The attorney for Senegal's jailed former prime minister is calling for his immediate release. Idrissa Seck, who was fired from his job at the head of the government by the president last year, is in custody on accusations he threatened state security, a charge human rights activists say is politically motivated.
The lawyer for Senegal's former Prime Minister Idrissa Seck, says he has finally been allowed to meet with his client, nearly a week after his arrest. But Boukounta Diallo says he still has not been given access to information concerning the case against Mr. Seck.
Mr. Diallo says the ex-prime minister is being held as a hostage of the state. He says nothing justifies Mr. Seck's continued detention.
Mr. Seck was arrested by Senegalese authorities last Friday, on suspicion of embezzling more than $45 million from a construction project in the city of Thies, where he is the mayor.
But on Saturday, in the only official statement released by investigators, the chief prosecutor said he had received information that linked Mr. Seck to, what he called, threats to state security.
Mr. Diallo denies his client has done anything wrong.
It is time, he says, for the authorities to live up to their responsibilities and put an end to, what he calls, a farce.
Under the original accusation of embezzlement, Mr. Seck should have already been either charged with a crime or released.
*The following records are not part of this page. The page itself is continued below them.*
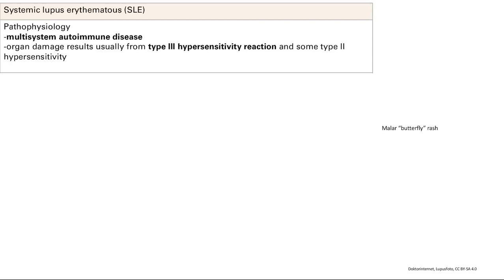Systemic lupus erythematosus, SLE, is a multi-system autoimmune disease. Multi-system means many things are affected. It's autoimmune, so you're going to have autoantibodies. You get organ damage, usually from a type 3 hypersensitivity reaction.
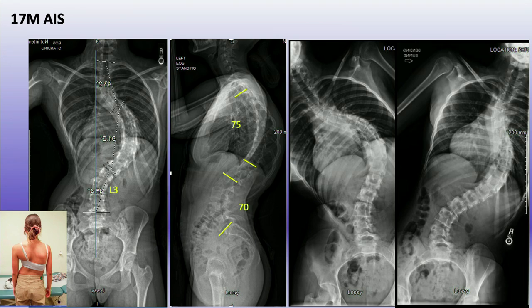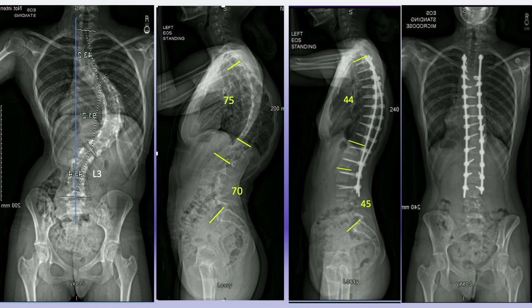This is another example — a little different because this is more of a kyphoscoliosis. In kyphoscoliosis I try to get an MRI on all those patients. You can see there's a compensatory hyperlordosis in this patient, and when you address and correct the kyphosis, the lordosis actually corrects as well.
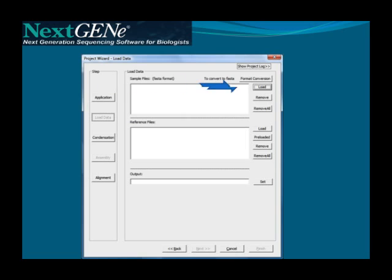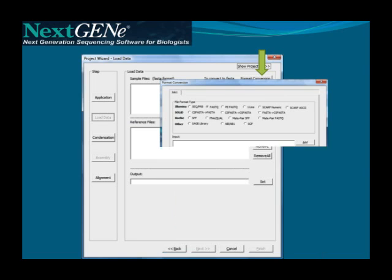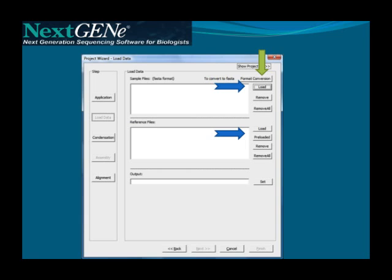On the Load Data page, you can click Load to load your sample files in FASTA format. If your files aren't in FASTA format, you can open the Format Conversion Tool to quickly convert and quality filter the data. Next, the reference file is loaded. To align to a small reference, less than 250 megabases, you can load any FASTA or GBK file. For larger references, like the human genome, indexed reference files are required. If working with a large genome, contact SoftGenetics to receive the indexed and fully annotated reference.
But a legal expert with the human rights group Interights, Ibrahima Kane, says under a special law concerning state security the ex-prime minister can be held until Monday before a decision is made.
"They can arrest you for four days, and after that, the person who is questioning him can renew for another four days," he said. "And at the end of the eight days, either they release him, or they prosecute him. That is what the Senegalese law is saying."
Once a close political ally of Senegal's President Abdoulaye Wade, Mr. Seck was fired from his position as prime minister by the president last year. Since then, he had said little in public until last week, when he said he planned to head a new political group if Mr. Wade's Senegal Democratic Party did not appoint him party leader before general elections next year.
Mr. Kane says he believes Mr. Seck's arrest is politically motivated.
"The key problem is Idrissa Seck wants to get to the power," he said. "Wade wants to be re-elected. And Idrissa Seck is really an obstacle to Wade's re-election. And that is why all these problems are happening."
Secretary of State Condoleezza Rice, who was in Senegal's capital Dakar earlier this week for talks on a trade deal with African nations, was asked by journalists to comment on Mr. Seck's arrest.
"My understanding is that this is an ongoing investigation," she said. "And it is being debated quite openly in the press, which, I think, is a good sign. Obviously, we stand around the world for rule of law and for an open system and expect that of everyone, including our friends."
Senegal is a member of the African Growth and Opportunity Act group of nations, which receive special trade privileges from the United States in exchange for demonstrating good governance. Mr. Seck's arrest, many civil society leaders say, has damaged the nation's reputation as a beacon of democratic values in a region plagued by repression and political instability.